That said, in most electronics, current sources and sinks are artificially produced by manipulating energy from a relatively constant voltage source. A JFET or depletion-mode MOSFET plus a resistor or a simple combination of BJTs such as a Widlar current source are examples of such arrangements that can produce a wide range of currents.
Define "exist". Of course, the perfect current source does not exist, because that would require it to produce infinitely high voltage in cases where the effective resistance across its terminal approaches infinity (i.e. if the source is left "unconnected"); infinite voltage doesn't exist. But the same goes for the perfect voltage source: no voltage source in this world will produce infinite current if shorted. In the end, it boils down to conservation of energy.
Now, for "practical" current sources: Of course they exist! They're a very important utility in very many (if not most) analog semiconductor circuits.
For example, if you did this:
You can transform a fixed voltage source to a fixed current source (by the way, this small circuit with the two transistors is called a "current mirror" and is really, really common in electronics). You'll find this in a lot of circuits – imagine you want to drive a series of LEDs with exactly 20mA, but you know that LEDs aren't perfect, so no two LEDs have exactly the same forward voltage, so driving them with a constant voltage and a series resistor isn't as good as actually driving them with a constant current. Or, for example, to imprint a specific current into a bigger transistor's base, for specific amplification usage.
Elementary, current sources are quite common in physics.

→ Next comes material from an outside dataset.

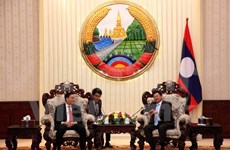 老挝总理通伦·西苏里高度评价越老两国科学技术部的合作关系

Think about an LED: by pushing in electrons with a specific energy ("energy per charge" is voltage), you can fill one "hole" at lower energy levels in your semiconductor, emitting the energy difference of the electron before entering the semiconductor interface and after recombination as photon. So you get a fixed relation between "number of electrons per second" (==current) and "photons produced per second" (==brightness). The same works the other way around, too: If you shine a light on an LED, the amount of current it produces has a fixed relationship to the number of photons hitting the semiconductor "just right". Hence, with fixed brightness, you get fixed current – a real-world current source (in fact, if you optimize for efficiency at absorbing photons rather than emitting them, you get what is known as a photodiode).
I don`t think so. For my opinion, each current needs a driving voltage (perhaps, there are some "exotic" exceptions where we have a movement of charges - current - without an applied voltage).
However, in all of our classical electronic applications we realize devices which we call "current source" based on voltage sources, which allow a current which is - more or less - independent on the applied load (using a suitable control mechanism, regulation loop).
In particular, this is true for a continuous flow of charges (current).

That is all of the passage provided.